Expected Output: enter image description here

I intend to fit three (or some number of) polygons (for this case, rectangles) to signify the "big" white blobs in this image. The rectangles drawn in the output image are as per my perception of the white regions. I do not expect the algorithm to come up with these same bouding regions. What I wish for is to fit some number of tight polygons around the clusters of white pixels.

My initial solution consisted of finding contours for this image, and fitting a closed convex polygon around each contour, by finding the convex hull of the points in each contour.

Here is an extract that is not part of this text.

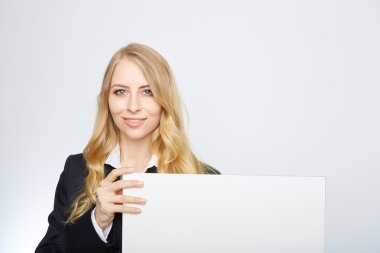 boş sunu kurulu ile güzel sarışın kız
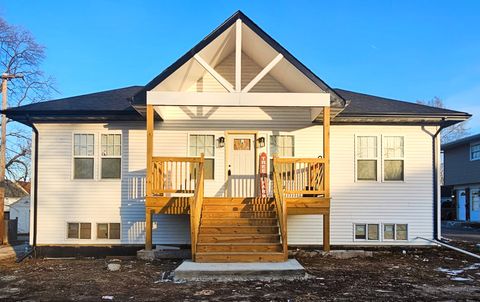 Photo of 628 S Midland Avenue, Rockdale, IL 60436 (MLS # 12554135)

However, since the white regions are highly fragmented with black regions within and ridged around the edges, the number of contours returned by cv2.findContours is very high (around 500 or so). Due to this, fitting a convex hull does not improve the shape of the white regions. The white regions mostly retain their original abstract shapes. My goal would be to merge the many small contours of a white region into one whole containing contour over which I can then fit a convex hull.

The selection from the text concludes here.